[Numpy-discussion] Unnecessarily bad performance of elementwise operators with Fortran-arrays

Fri Nov 9 21:23:02 EST 2007

On Nov 10, 2007 1:12 AM, Travis E. Oliphant <oliphant at enthought.com> wrote:
> Hans Meine wrote:
> > | static void
> > | DOUBLE_add(char **args, intp *dimensions, intp *steps, void *func)
> > | {
> > |     register intp i;
> > |     intp is1=steps[0],is2=steps[1],os=steps[2], n=dimensions[0];
> > |     char *i1=args[0], *i2=args[1], *op=args[2];
> > |     for(i=0; i<n; i++, i1+=is1, i2+=is2, op+=os) {
> > |         *((double *)op)=*((double *)i1) + *((double *)i2);
> > |     }
> > | }
> >
> > If I understood David correctly, he suggested an unstrided variant of
> > this inner loop, which simply uses pointer increments.
> I'm not sure if he was saying that or not.  But, more generally, I'm all
> for optimizations at this level.  But, they will have to be done
> differently for different cases with this loop as the fall-back.

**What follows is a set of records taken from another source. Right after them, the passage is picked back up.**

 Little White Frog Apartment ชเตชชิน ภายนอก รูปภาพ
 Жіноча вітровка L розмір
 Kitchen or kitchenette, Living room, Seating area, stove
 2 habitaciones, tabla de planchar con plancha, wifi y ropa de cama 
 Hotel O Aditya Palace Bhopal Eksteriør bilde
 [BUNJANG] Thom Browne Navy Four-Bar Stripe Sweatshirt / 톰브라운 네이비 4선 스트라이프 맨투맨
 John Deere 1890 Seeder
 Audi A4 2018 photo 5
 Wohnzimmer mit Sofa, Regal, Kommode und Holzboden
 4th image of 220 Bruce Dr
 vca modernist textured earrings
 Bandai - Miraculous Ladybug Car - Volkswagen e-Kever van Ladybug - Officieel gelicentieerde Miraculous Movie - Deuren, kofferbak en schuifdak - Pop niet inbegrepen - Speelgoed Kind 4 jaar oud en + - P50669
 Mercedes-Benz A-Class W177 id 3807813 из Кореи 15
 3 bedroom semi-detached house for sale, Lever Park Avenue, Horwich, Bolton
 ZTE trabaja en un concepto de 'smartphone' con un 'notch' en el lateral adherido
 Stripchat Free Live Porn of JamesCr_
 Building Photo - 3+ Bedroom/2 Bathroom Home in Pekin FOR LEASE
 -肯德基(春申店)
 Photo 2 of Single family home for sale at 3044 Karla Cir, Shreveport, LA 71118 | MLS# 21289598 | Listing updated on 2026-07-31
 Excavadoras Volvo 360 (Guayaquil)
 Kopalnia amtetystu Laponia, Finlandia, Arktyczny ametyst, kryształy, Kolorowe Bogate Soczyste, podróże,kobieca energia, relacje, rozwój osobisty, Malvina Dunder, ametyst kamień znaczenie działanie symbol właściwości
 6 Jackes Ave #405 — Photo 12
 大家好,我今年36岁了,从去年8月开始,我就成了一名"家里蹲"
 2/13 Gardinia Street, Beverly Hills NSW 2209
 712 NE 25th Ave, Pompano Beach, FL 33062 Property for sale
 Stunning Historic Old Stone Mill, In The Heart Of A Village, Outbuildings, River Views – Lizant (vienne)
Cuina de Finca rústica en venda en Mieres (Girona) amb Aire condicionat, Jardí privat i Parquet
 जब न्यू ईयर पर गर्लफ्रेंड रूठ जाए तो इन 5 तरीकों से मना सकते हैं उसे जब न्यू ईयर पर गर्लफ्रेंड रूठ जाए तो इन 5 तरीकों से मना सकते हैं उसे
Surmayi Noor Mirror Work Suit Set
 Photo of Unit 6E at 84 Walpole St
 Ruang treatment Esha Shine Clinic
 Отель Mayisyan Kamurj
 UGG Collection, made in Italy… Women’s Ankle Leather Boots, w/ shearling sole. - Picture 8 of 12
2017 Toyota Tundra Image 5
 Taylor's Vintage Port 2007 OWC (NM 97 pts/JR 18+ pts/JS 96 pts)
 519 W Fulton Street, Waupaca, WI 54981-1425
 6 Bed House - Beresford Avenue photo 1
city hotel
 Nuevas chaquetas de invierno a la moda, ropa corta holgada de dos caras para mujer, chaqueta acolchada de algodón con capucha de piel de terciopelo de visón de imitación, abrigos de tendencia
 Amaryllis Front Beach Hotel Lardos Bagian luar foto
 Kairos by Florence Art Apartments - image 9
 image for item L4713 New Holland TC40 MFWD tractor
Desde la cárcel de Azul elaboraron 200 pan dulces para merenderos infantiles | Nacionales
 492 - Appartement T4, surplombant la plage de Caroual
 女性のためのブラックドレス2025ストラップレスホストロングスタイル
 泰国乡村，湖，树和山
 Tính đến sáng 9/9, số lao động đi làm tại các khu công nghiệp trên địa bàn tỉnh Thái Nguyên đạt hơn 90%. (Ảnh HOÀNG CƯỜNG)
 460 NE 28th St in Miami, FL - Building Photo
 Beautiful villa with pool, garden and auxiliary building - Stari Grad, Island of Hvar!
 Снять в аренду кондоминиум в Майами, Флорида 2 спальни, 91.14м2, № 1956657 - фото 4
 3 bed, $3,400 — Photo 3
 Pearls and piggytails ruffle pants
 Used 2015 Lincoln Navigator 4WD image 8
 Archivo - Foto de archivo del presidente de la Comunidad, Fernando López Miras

I was not really clear, but yes, his was part of my argument: I don't
think compilers can optimize the above well when there is no stride
(more exactly when the stride could be done by simply using array
indexing).

This would need some benchmarks, but I have always read that using
pointer arithmetics should be avoided when speed matters (e.g. *a + n
* sizeof(*a) compared to a[n]), because it becomes much more difficult
for the compiler to optimize, Generally, if you can get to a function
which does the thing the "obvious way", this is better. Of course, you
have to separate the case where this is possible and where it is not.
But such work would also be really helpful if/when we optimize some
basic things with MMX/SSE and co, and I think the above is impossible
to auto vectorize (gcc 4.3, not released yet, gives some really
helpful analysis for that, and can tell you when it fails to
auto-vectorize, and why).

> >  While this is
> > a good idea (also probably quite some work), the real thing bugging me is
> > that the above DOUBLE_add could (and should!) be called by the ufunc
> > framework in such a way that it is equally efficient for C and Fortran
> > arrays.
> Yes, that's what I was talking about.  There is actually a path through
> the ufunc code where this loop is called only once.  The requirement
> right now is that all the arrays are C-contiguous, but this should be
> changed to all arrays have the same contiguousness (and the output-array
> creation code changed to create Fortran-order arrays when the inputs are
> all Fortran-order).

This was my other point. For some of my own C code, that's what I do:
I have some function to detect whether the array can be treated
sequentially, for cases where C vs F does not matter at all. I don't
see difficulty to provide such a facility in numpy, at least for the
common operations we are talking about, but maybe I am missing
something. I should take a look a the ufunc machinery

David